Cutaneous mucormycosis caused by Mucor irregularis (M. irregularis) is a rare condition that typically occurs in immunocompetent patients. Herein, we describe an immunocompromised patient with cutaneous M. irregularis infection who was successfully treated with debridement combined with vacuum assisted closure (VAC) negative pressure technique and split-thickness skin grafting. We present this case owing to its complexity and rarity and the successful treatment with surgical therapy. A 58-year-old man presented to our hospital with a history of skin ulcers and eschar on the right lower leg since two months. He had been receiving methylprednisolone therapy for bullous pemphigoid that occurred five months prior to the present lesions. Histopathological examination of a right leg lesion showed broad, branching hyphae in the dermis. Fungal culture and subsequent molecular cytogenetic analysis identified the pathogen as M. irregularis. After admission, methylprednisolone was gradually tapered and systemic treatment with amphotericin B (total dose 615 mg) initiated along with others supportive therapies. However, the ulcers showed no improvement, and amphotericin B had to be discontinued owing to development of renal dysfunction. After extensive surgical debridement combined with VAC and skin grafting, his skin ulcers were healed; subsequent fungal cultures of the lesions were negative. The patient exhibited no signs of recurrence at 36-month follow-up. Twenty-six cases with M. irregularis-associated cutaneous mucormycosis in literature were reviewed.
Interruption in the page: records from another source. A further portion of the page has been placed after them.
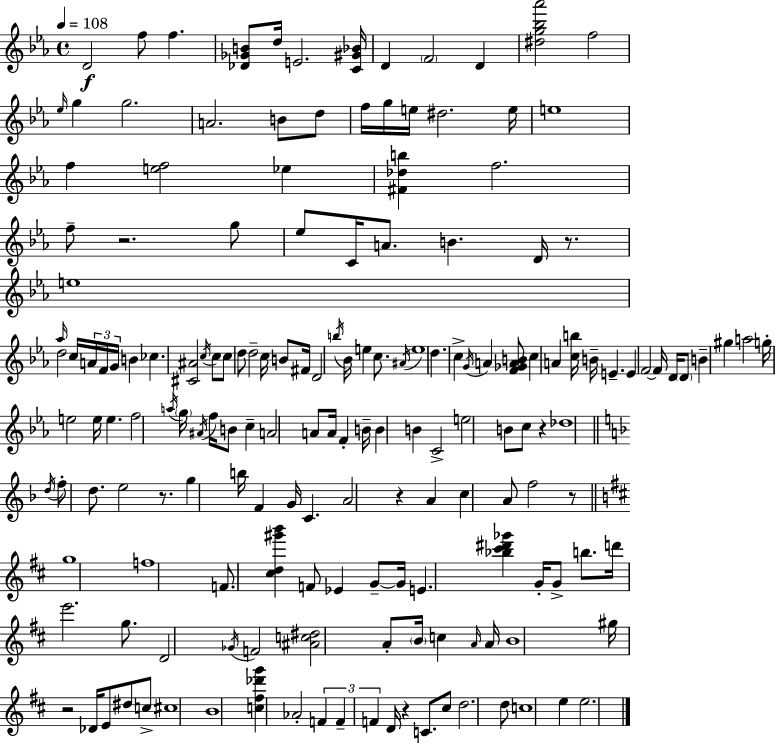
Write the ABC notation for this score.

X:1
T:Untitled
M:4/4
L:1/4
K:Cm
D2 f/2 f [_D_GB]/2 d/4 E2 [C^G_B]/4 D F2 D [^dg_b_a']2 f2 _e/4 g g2 A2 B/2 d/2 f/4 g/4 e/4 ^d2 e/4 e4 f [ef]2 _e [^F_db] f2 f/2 z2 g/2 _e/2 C/4 A/2 B D/4 z/2 e4 _a/4 d2 c/4 A/4 F/4 G/4 B _c [^C^A]2 c/4 c/2 c/2 d/2 d2 c/4 B/2 ^F/4 D2 b/4 _B/4 e c/2 ^A/4 e4 d c G/4 A [F_GAB]/2 c A [cb]/4 B/4 E E F2 F/4 D/4 D/2 B ^g a2 g/4 e2 e/4 e f2 a/4 g/4 ^A/4 f/4 B/2 c A2 A/2 A/4 F B/4 B B C2 e2 B/2 c/2 z _d4 d/4 f/2 d/2 e2 z/2 g b/4 F G/4 C A2 z A c A/2 f2 z/2 g4 f4 F/2 [^cd^g'b'] F/2 _E G/2 G/4 E [_b^c'^d'_g'] G/4 G/2 b/2 d'/4 e'2 g/2 D2 _G/4 F2 [^Ac^d]2 A/2 B/4 c A/4 A/4 B4 ^g/4 z2 _D/4 E/2 ^d/2 c/2 ^c4 B4 [c^f_d'g'] _A2 F F F D/4 z C/2 ^c/2 d2 d/2 c4 e e2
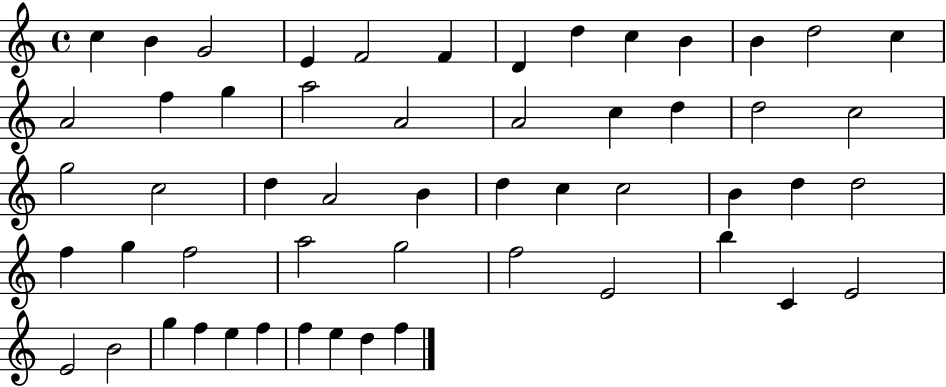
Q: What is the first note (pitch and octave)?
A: C5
由不规则毛霉菌（不规则毛霉菌）引起的皮肤毛霉菌病是一种罕见的疾病，通常发生在免疫功能正常的患者身上。在此，我们描述了一名患有皮肤不规则分枝杆菌的免疫功能低下患者清创联合真空辅助闭合（VAC）负压技术和分层皮肤移植成功治疗感染。我们介绍这个案例是因为它的复杂性和罕见性以及手术治疗的成功治疗。一名 58 岁男性因右小腿皮肤溃疡和焦痂 2 个月来我院就诊。他一直在接受甲基强的松龙治疗，以治疗大疱性类天疱疮，该类天疱疮发生在本病灶前五个月。右腿病变的组织病理学检查显示真皮中有广泛的分枝菌丝。真菌培养和随后的分子细胞遗传学分析确定病原体为不规则分枝杆菌. 入院后，甲泼尼龙逐渐减量，开始全身治疗两性霉素 B（总剂量 615 mg）和其他支持疗法。然而，溃疡没有改善，由于肾功能障碍的发展，两性霉素 B 不得不停用。经过广泛的手术清创结合VAC和植皮，他的皮肤溃疡愈合；随后病灶真菌培养呈阴性。患者在 36 个月的随访中没有表现出复发迹象。回顾了文献中26例不规则支原体相关皮肤毛霉菌病的病例。